With these two functions, given a list of numbers, turn it into a heap by building a function heapify.  This should work by pushing every element of a list onto the heap.

In [531]:
def heapify(arr):
    h=Heap()
    for elem in arr:
        h.push(elem)
    return h.heap

In [536]:
heapify(random.sample(range(10),10))

terminate
left [8, 0]
terminate
left [8, 6, 5, 0]
left [8, 6, 9, 0, 3, 5]
right [9, 6, 8, 0, 3, 5]
terminate
left [9, 6, 8, 2, 3, 5, 7, 0]
right [9, 6, 8, 4, 3, 5, 7, 0, 2]


[9, 6, 8, 4, 3, 5, 7, 0, 2, 1]

Now write a function to sift down for when we pop the maximum value off.  This is a recursive function.  Be careful about having 0 or 1 daughters and that sifting down always involve a swap with the larger of the two daughters if 2 exist.

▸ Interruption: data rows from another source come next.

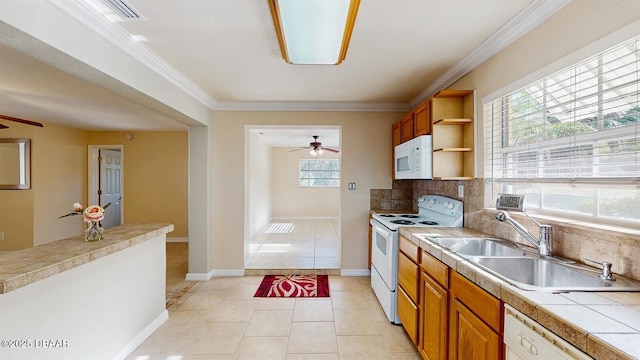 kitchen featuring decorative backsplash, ornamental molding, light tile patterned flooring, a sink, and white appliances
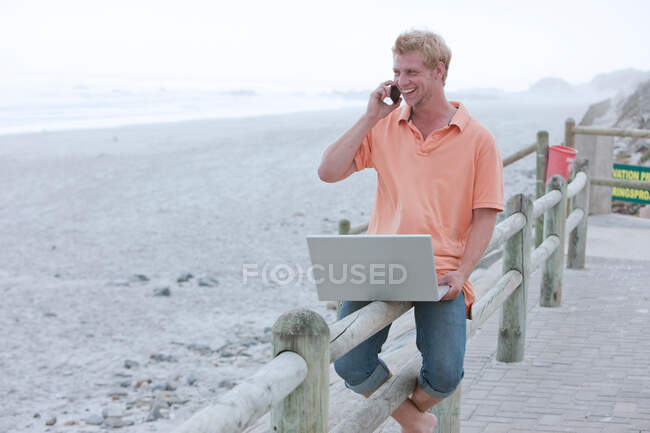 Чоловік сидить на пляжних перилах за допомогою телефону та ноутбука — стокове фото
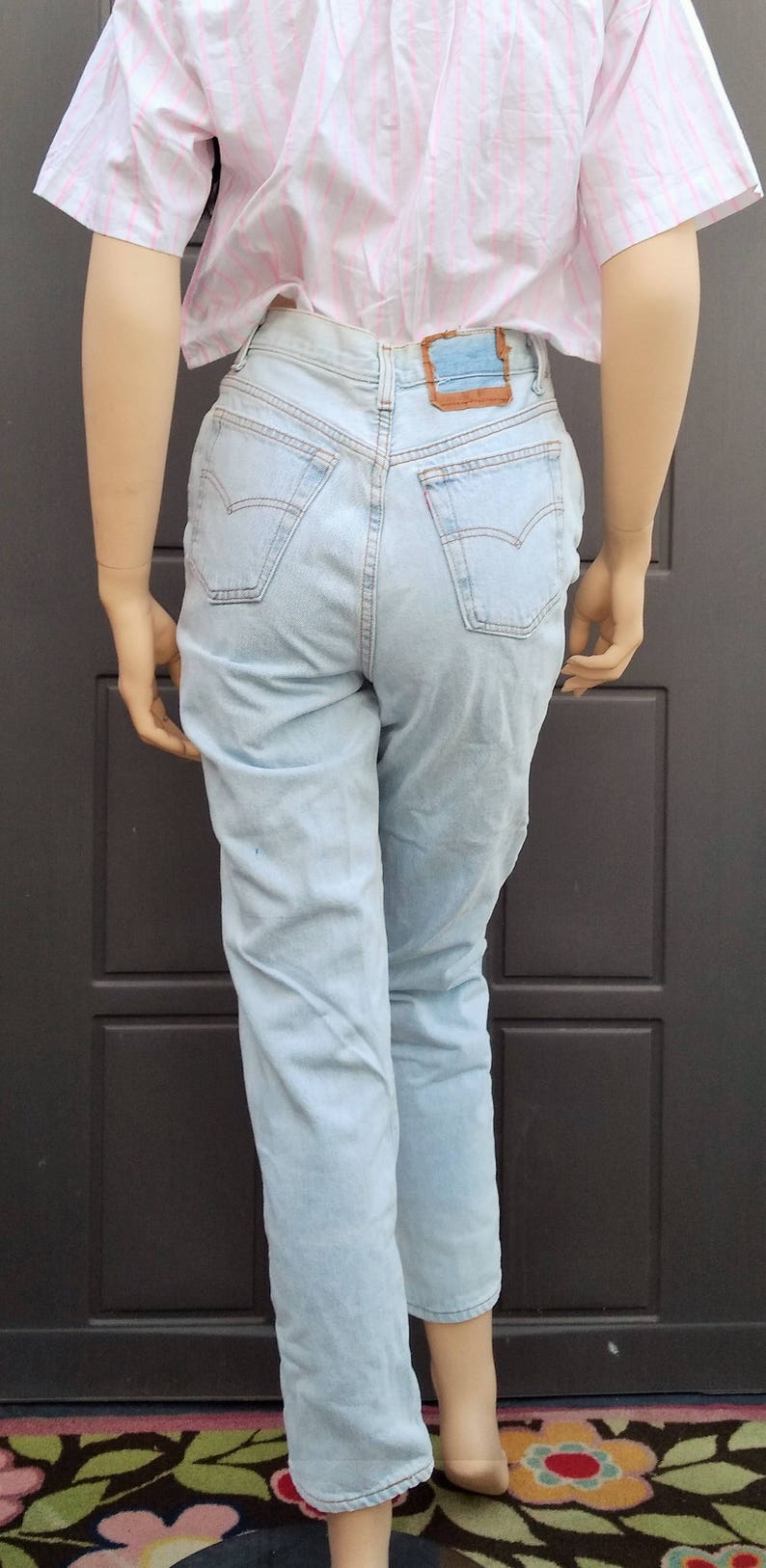 high waisted light wash levis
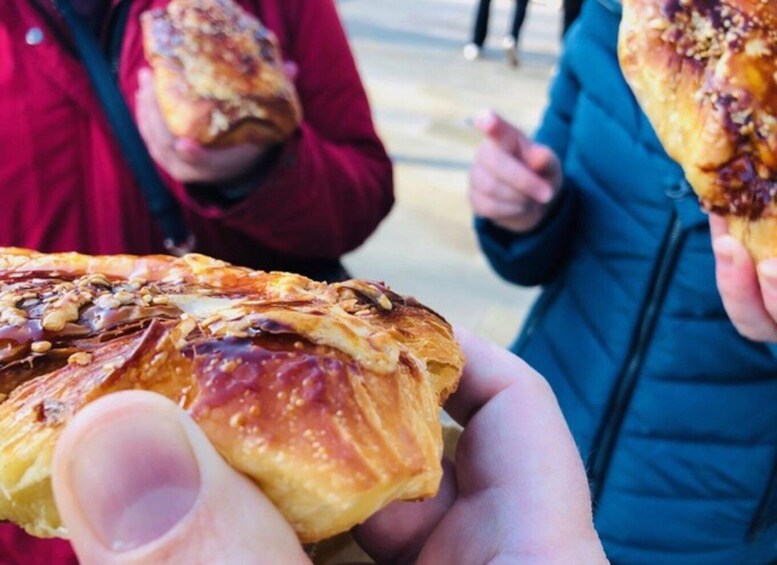 A person holding a pastry with visible nuts and a golden-brown crust. 1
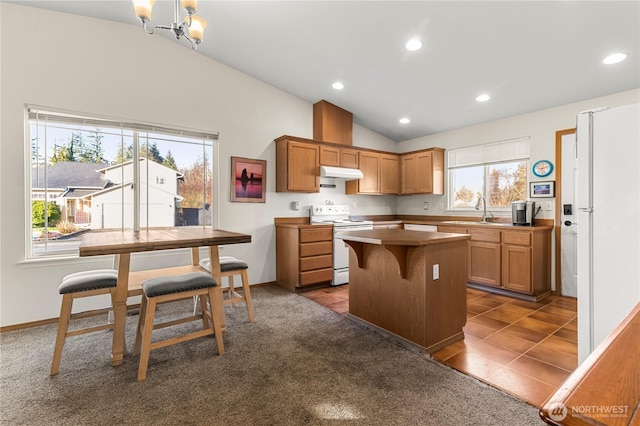 kitchen featuring white range with electric stovetop, a sink, vaulted ceiling, under cabinet range hood, and a center island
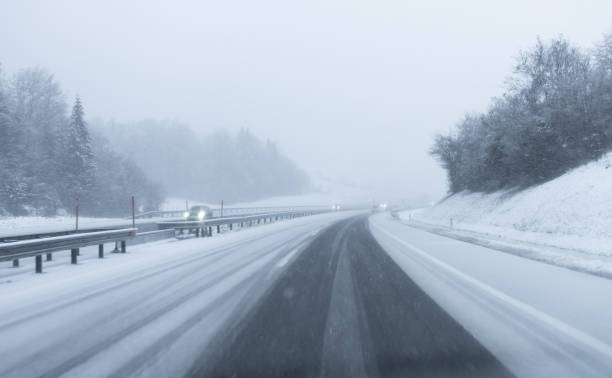 istock The first snow on the road 1449648188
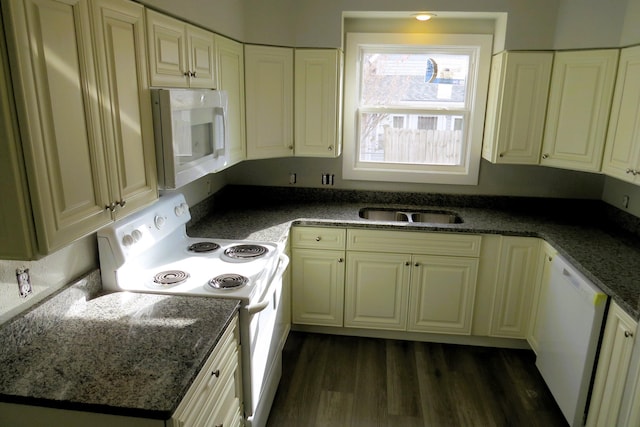 kitchen featuring dark stone countertops, sink, white appliances, and dark wood-type flooring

Now add a function to pop the maximum value.  Remember that when popping the root, it will be replaced by the furthest leaf, which is then sifted down.  Return both the heap and its size.

We have all the building blocks in place for a heap sort, so let's write that next.  We start by creating the heap, then repeatedly popping the heap, placing the popped items at the tail of the list that holds the heap.  I.e. we are going to sort the list in place, needing no extra storage.

Let's now do a bin sort.  Now we're going to be a bit looser with this and directly use some of Python's sorting methods.  Start by writing a simple function that, given a value which is within a given range [lo,hi], finds the bin to place the element into if there are N bins.  If the value is out of range some flag value should be returned.

In this final step we do a bin sort.  This is a bit more complicated.  The way to do this is to have a list of lists.  You can directly use Python's .sort method for lists, since this is purely illustrative.  Or you can use your heapsort from before if your code was general enough.

Consider the quicksort.  Suppose it is given a sorted list.  If the pivot is always the leftmost value, what happens?  Suggest a solution.  You do not need to code this up.